Using the data provided by the AGE documentation as an example,
SELECT create_graph('graph_name');
SELECT * FROM cypher('graph_name', $$
CREATE (a:Person {name: 'A', age: 13}),
(b:Person {name: 'B', age: 33, eyes: "blue"}),
(c:Person {name: 'C', age: 44, eyes: "blue"}),
(d1:Person {name: 'D', eyes: "brown"}),
(d2:Person {name: 'D'}),
(a)-[:KNOWS]->(b),
(a)-[:KNOWS]->(c),
(a)-[:KNOWS]->(d1),
(b)-[:KNOWS]->(d2),
(c)-[:KNOWS]->(d2)
$$) as (a agtype);
percentileCont
Running the percentileCont()
function will produce an output:
SELECT *
FROM cypher('graph_name', $$
MATCH (n:Person)
RETURN percentileCont(n.age, 0.4)
$$) as (percentile_cont_age agtype);
percentile_cont_age
---------------------
29.0
(1 row)
Having taken a look at how the percentileCount()
is calculated from the 'agtype.c' file, linear interpolation is calculated where,
result = y1 + [(x - x1) * (y2 - y1)] / (x2 - x1)

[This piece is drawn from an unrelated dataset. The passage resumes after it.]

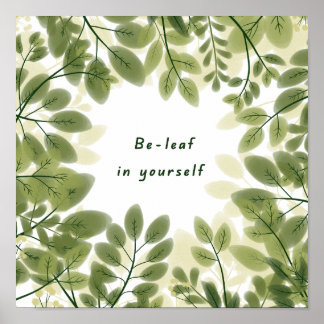 Be Leaf in Yourself Poster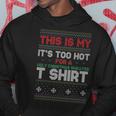 This Is My Its Too Hot For A Ugly Christmas Sweater Hoodie Unique Gifts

x = percentile * (number_of_rows - 1) - x1
x1 = floor(percentile * (number_of_rows - 1))
x2 = ceil(percentile * (number_of_rows - 1))
y1 = value_of_x1
y2 = value_of_x2
In this example, as percentile = 0.4
and number_of_rows = 3
(with ages 13, 33, and 44), this would result to:
x = 0.4 * (3 - 1) - 0 = 0.8
x1 = floor(0.4 * (3 - 1)) = floor(0.8) = 0
x2 = ceil(0.4 * (3 - 1)) = ceil(0.8) = 1
y1 = value_of_x1 = 13
y2 = value_of_x2 = 33
result = 13 + [(0.8 - 0) * (33 - 13)] / (1 - 0) = 29
Which is exactly what we got when using the percentileCont()
function.
percentileDisc
Running the percentileDisc()
function will produce an output:
SELECT *
FROM cypher('graph_name', $$
MATCH (n:Person)
RETURN percentileDisc(n.age, 0.5)
$$) as (percentile_disc_age agtype);
percentile_disc_age
---------------------
33.0
(1 row)
This function uses a simpler method of calculation, using a rounding method and calculating the nearest value to the percentile.

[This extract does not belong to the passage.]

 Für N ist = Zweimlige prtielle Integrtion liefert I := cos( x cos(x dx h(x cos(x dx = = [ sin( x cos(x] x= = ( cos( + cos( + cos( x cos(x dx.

result = round_to_nearest_val(percentile * (max_val - min_val) + min_val)
In this example, as percentile = 0.5
, max_val = 44
, and min_val = 13
(with ages 13, 33, and 44), this would result to:
result = round_to_nearest_val(0.5 * (44 - 13) + 13) = round_to_nearest_val(28.5) = 33
Which is exactly what we got when using the percentileDisc()
function.
Hope this helps!